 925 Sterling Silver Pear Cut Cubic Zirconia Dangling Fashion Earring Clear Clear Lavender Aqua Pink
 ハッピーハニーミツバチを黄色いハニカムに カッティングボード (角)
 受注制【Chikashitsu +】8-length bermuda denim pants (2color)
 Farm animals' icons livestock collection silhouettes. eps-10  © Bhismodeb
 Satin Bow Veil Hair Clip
○ ○ ○
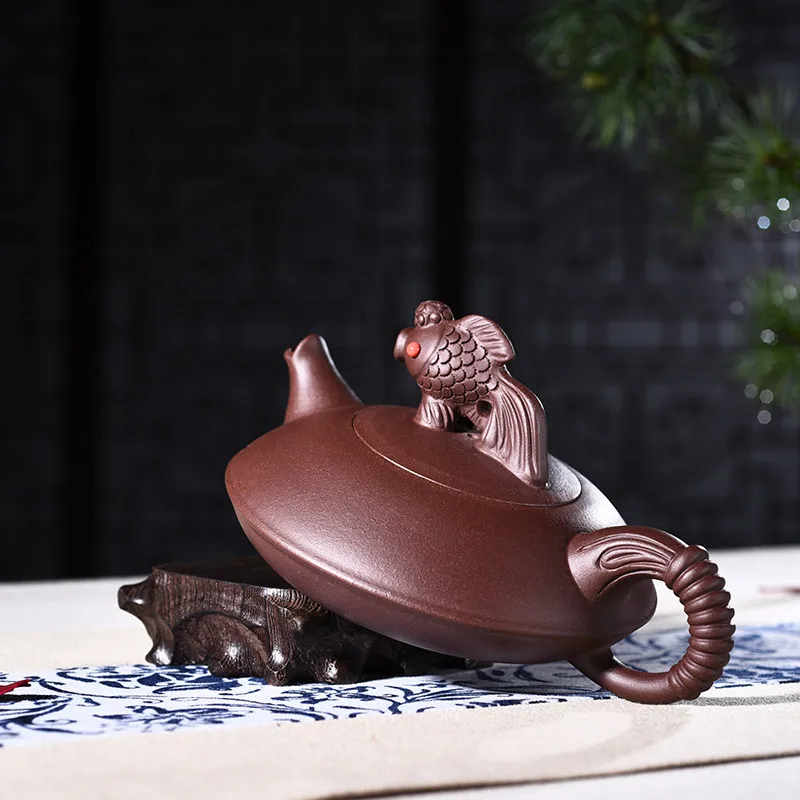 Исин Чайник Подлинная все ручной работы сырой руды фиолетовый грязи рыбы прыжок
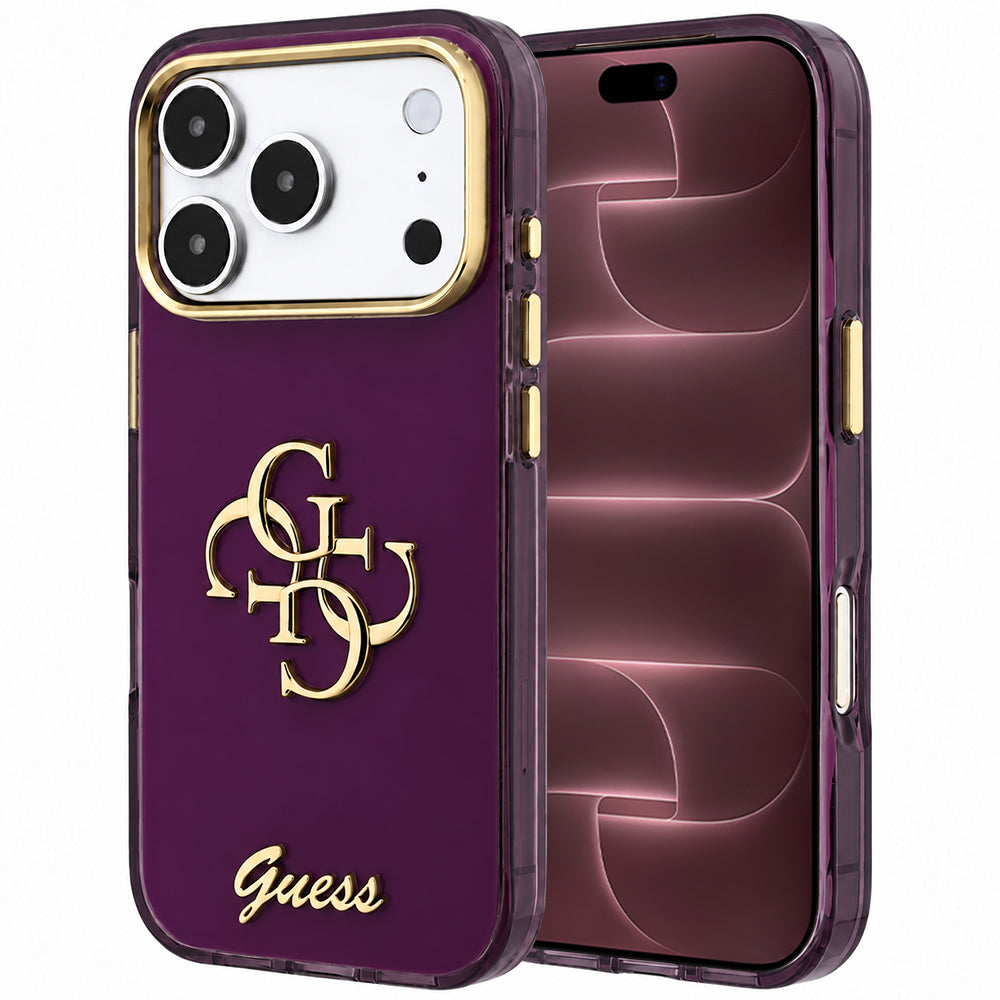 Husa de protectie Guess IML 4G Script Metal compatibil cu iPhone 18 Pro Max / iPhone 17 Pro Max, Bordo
○ ○ ○
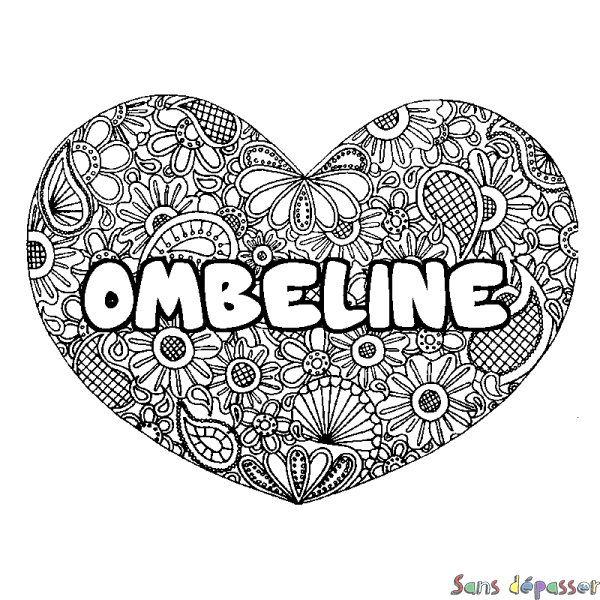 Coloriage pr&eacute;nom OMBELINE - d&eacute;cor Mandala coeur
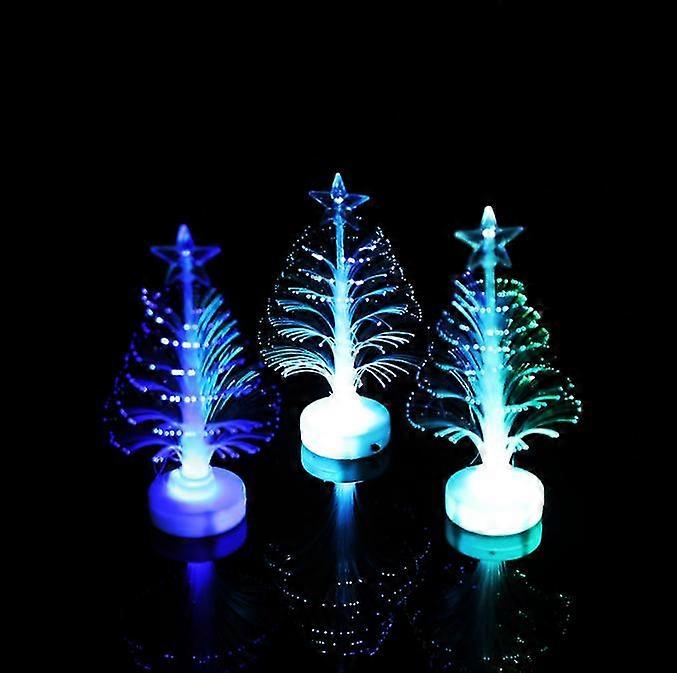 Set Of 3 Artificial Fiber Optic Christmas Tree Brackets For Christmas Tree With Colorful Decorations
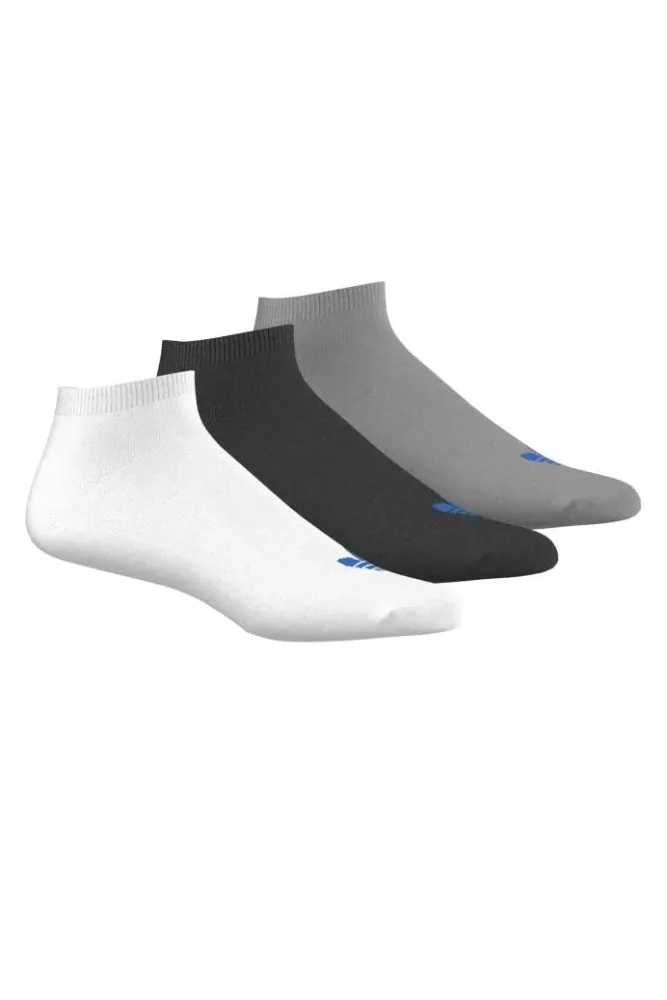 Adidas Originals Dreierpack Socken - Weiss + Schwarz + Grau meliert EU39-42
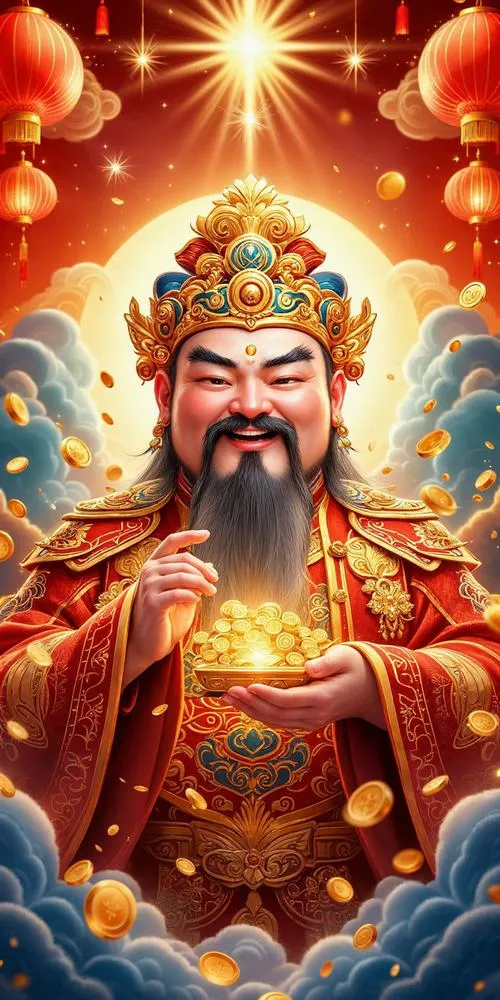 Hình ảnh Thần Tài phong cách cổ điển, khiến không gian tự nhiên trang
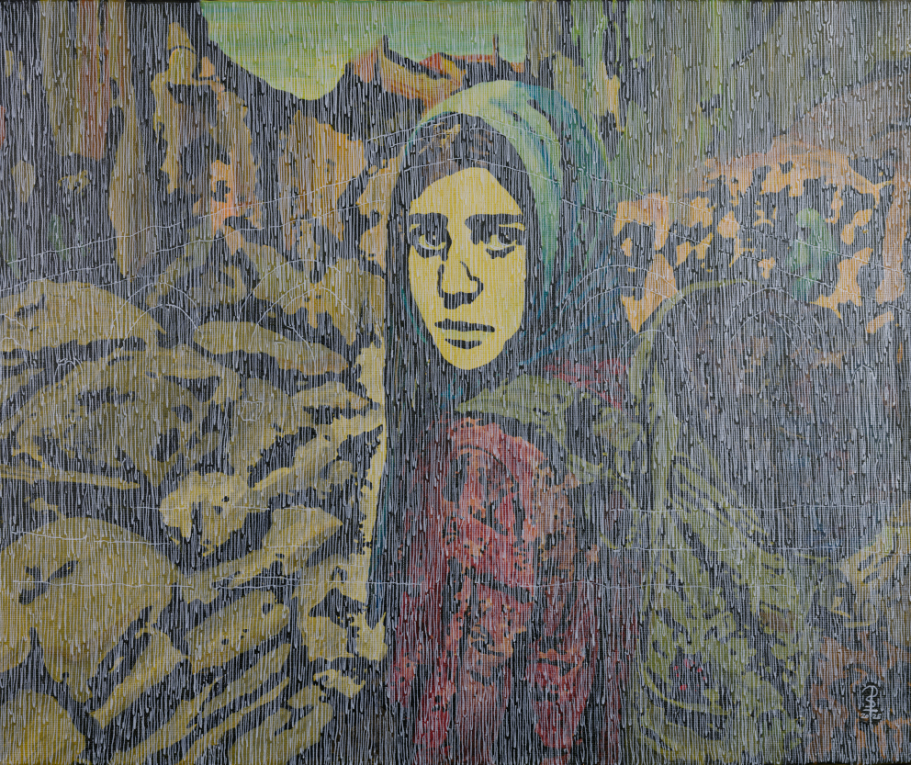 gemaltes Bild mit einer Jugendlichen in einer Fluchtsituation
○ ○ ○
▶ Aim of the task
Produce a word-for-word copy of everything above from the line holding "925 Sterling Silver" down to the line holding "Satin Bow Veil Hair Clip", with both of those lines kept.

▶ Result for this exercise
 925 Sterling Silver Pear Cut Cubic Zirconia Dangling Fashion Earring Clear Clear Lavender Aqua Pink
 ハッピーハニーミツバチを黄色いハニカムに カッティングボード (角)
 受注制【Chikashitsu +】8-length bermuda denim pants (2color)
 Farm animals' icons livestock collection silhouettes. eps-10  © Bhismodeb
 Satin Bow Veil Hair Clip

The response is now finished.